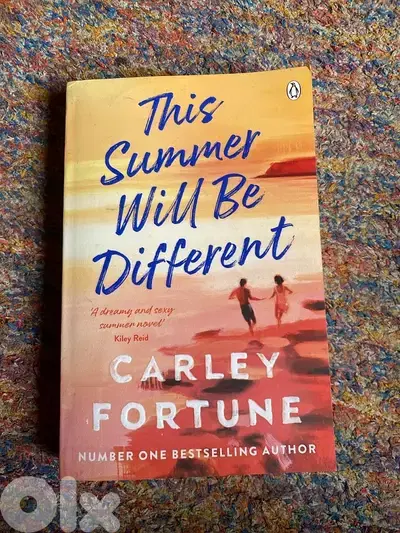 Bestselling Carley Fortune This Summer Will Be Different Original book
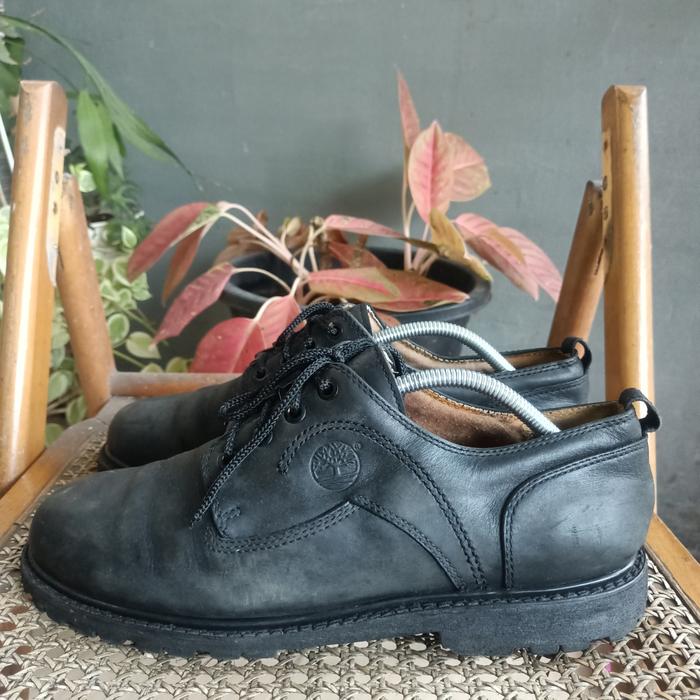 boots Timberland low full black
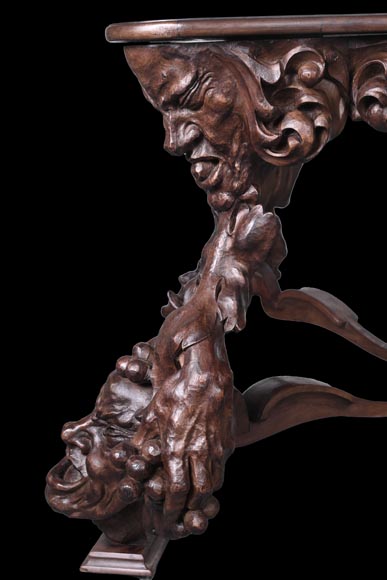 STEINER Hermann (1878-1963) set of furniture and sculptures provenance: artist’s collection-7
* * *
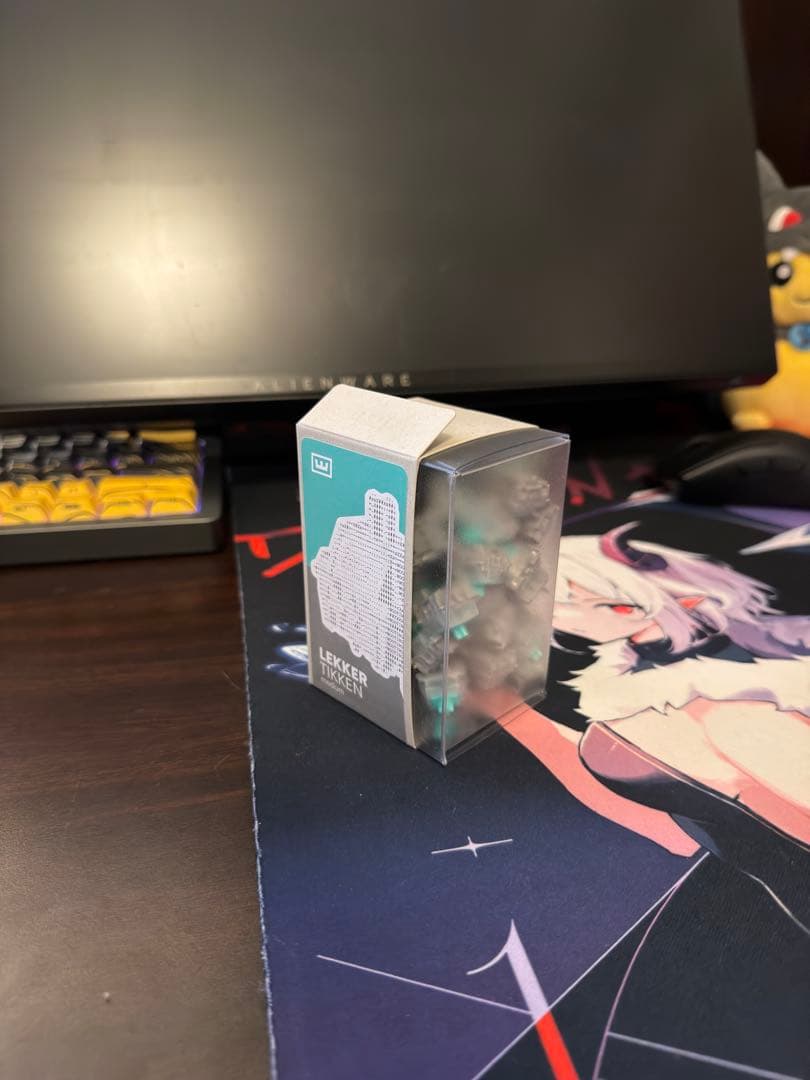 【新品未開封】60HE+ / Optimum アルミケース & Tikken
---
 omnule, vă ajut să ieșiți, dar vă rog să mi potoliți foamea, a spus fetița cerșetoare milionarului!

What the exercise asks | Using the data above, give again exactly the lines starting at the one holding "Bestselling Carley Fortune" and ending at the one holding "STEINER Hermann (1878-1963)", inclusive, and nothing more. Omit the pictures.

Finished task |
 Bestselling Carley Fortune This Summer Will Be Different Original book
 boots Timberland low full black
 STEINER Hermann (1878-1963) set of furniture and sculptures provenance: artist’s collection-7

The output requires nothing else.